Nouvelles restrictions des activités des ONG dans les États membres du Conseil de l'Europe

Auteur(s) : Assemblée parlementaire

Origine - Discussion par l’Assemblée le 27 juin 2018 (23e séance) (voir Doc. 14570, rapport de la commission des questions juridiques et des droits de l'homme, rapporteur: M. Yves Cruchten). Texte adopté par l’Assemblée le 27 juin 2018 (23e séance).Voir également la Recommandation 2134 (2018).

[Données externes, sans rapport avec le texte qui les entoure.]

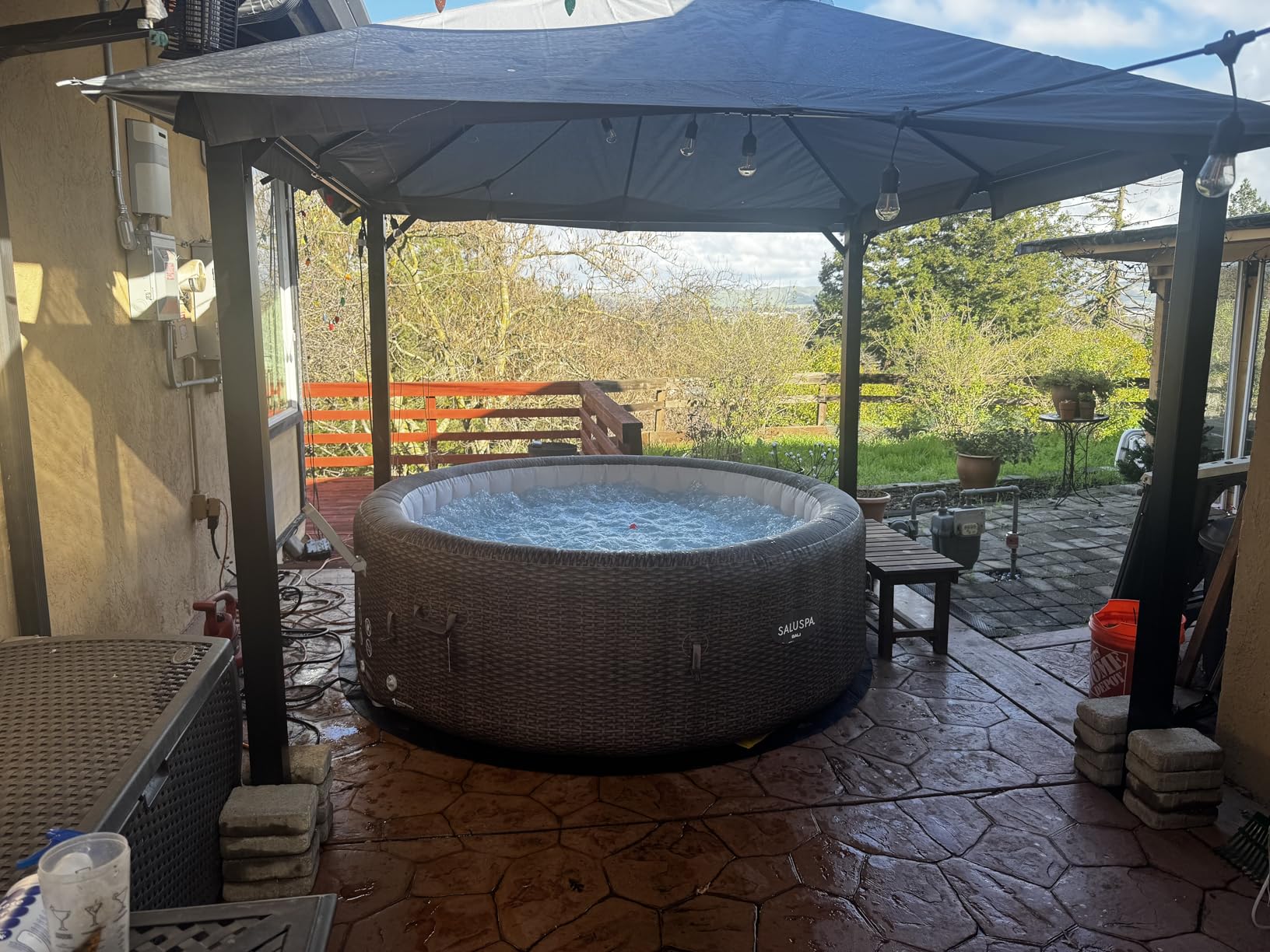 Bestway SaluSpa Bali 4 to 6 Person Inflatable Hot Tub, Round Energy-Efficient Portable Outdoor Spa with 140 AirJets, 77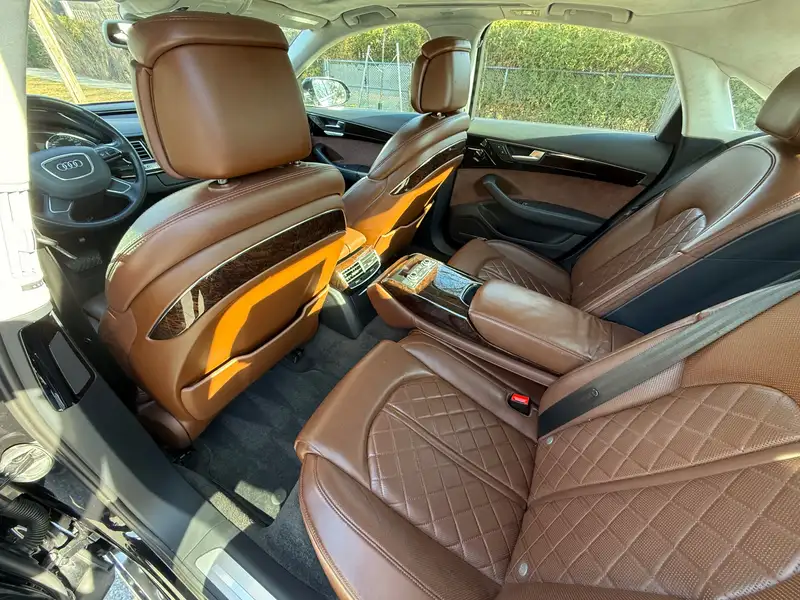 2011 Audi A8 Premium, černá, 112 500 km, dovoz Kanada — foto 6 z 9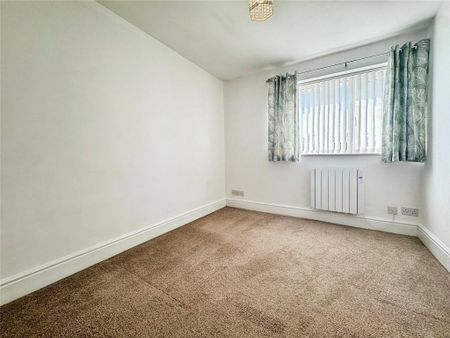 2 bedroom semi-detached house to rent - Photo 3
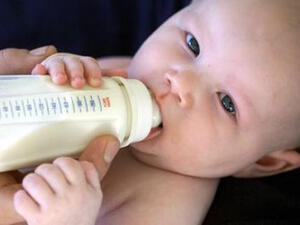Go natural! Qatar promotes breastfeeding, mothers could get a year of full-paid maternity leave. 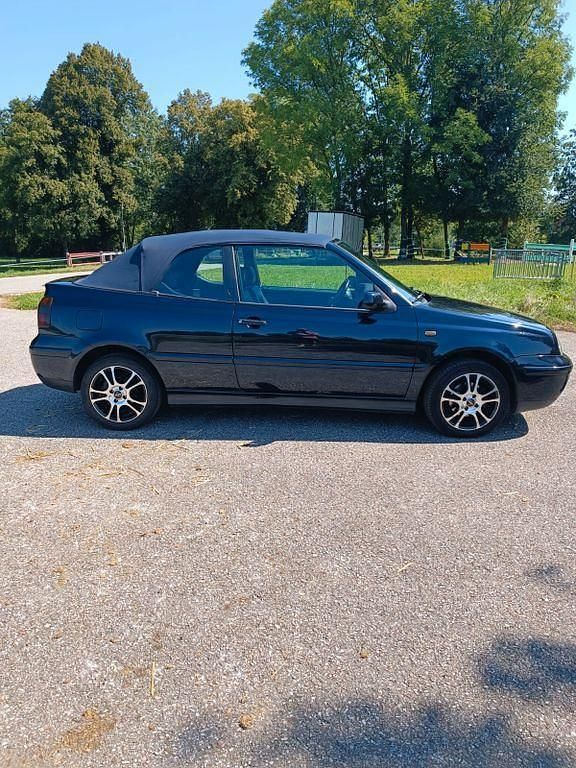 Gebraucht VW Golf Cabriolet Conceptline 101 PS (74 kW) 1999 Grau Cabrio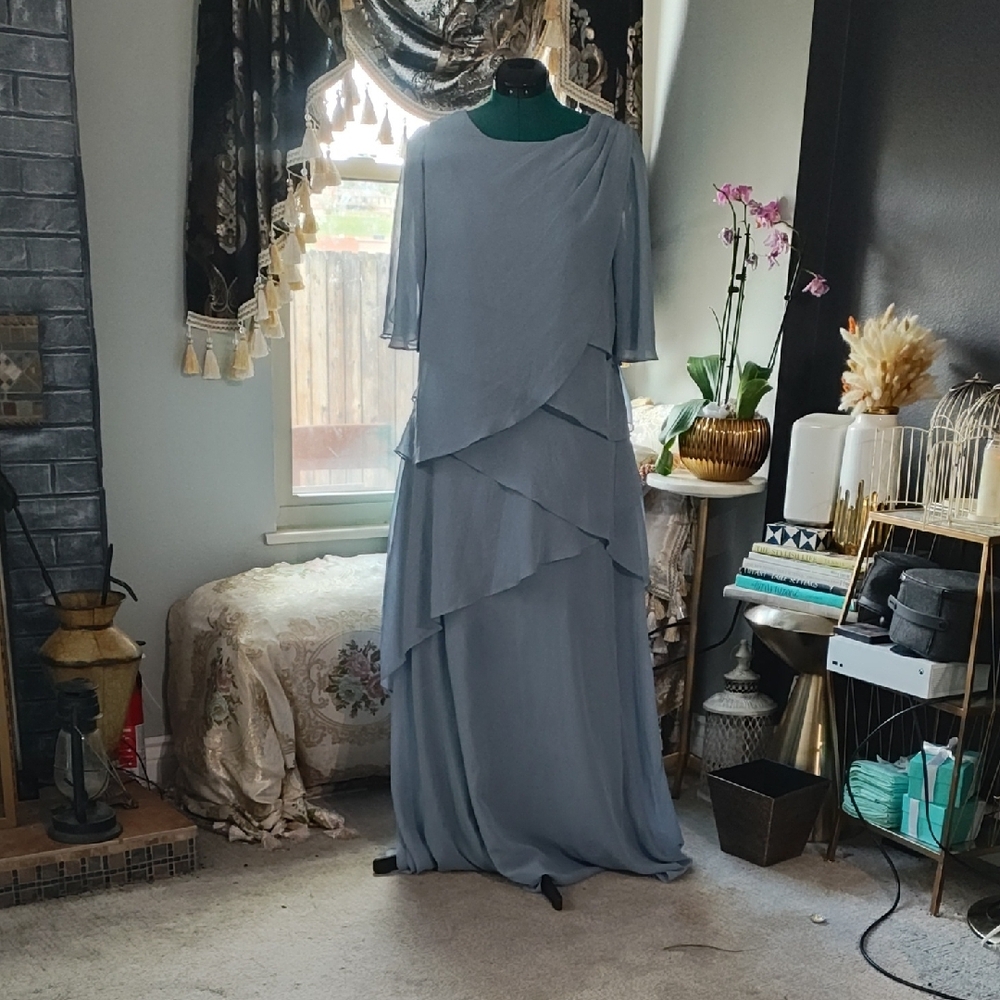 Elegant Women's Layered Dress in Gray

1. L’Assemblée parlementaire rappelle sa Résolution 2096 (2016) et sa Recommandation 2086 (2016) «Comment prévenir la restriction inappropriée des activités des ONG en Europe?», ses précédentes Résolutions 1660 (2009), 1891 (2012) et 2095 (2016) et sa Recommandation 2085 (2016) concernant les défenseurs des droits de l'homme dans les États membres du Conseil de l’Europe, ainsi que sa Résolution 2060 (2015), sa Recommandation 2073 (2015), sa Résolution 1729 (2010) et sa Recommandation 1916 (2010) sur la protection des «donneurs d’alerte».
2. L’Assemblée souligne une nouvelle fois l’importance des organisations non gouvernementales (ONG) dans le développement et la réalisation de la démocratie, de l’État de droit et des droits de l’homme. Ces organisations s’y emploient en particulier, en promouvant la sensibilisation du public et la participation à la vie publique, en veillant à la transparence et à la nécessité pour les autorités publiques de rendre compte de leur action et en contribuant à la vie culturelle et au bien-être social des sociétés démocratiques. L’Assemblée rend hommage à l’ensemble des ONG, dont les actions ont renforcé les droits de l’homme, la démocratie et l’État de droit dans les États membres du Conseil de l’Europe.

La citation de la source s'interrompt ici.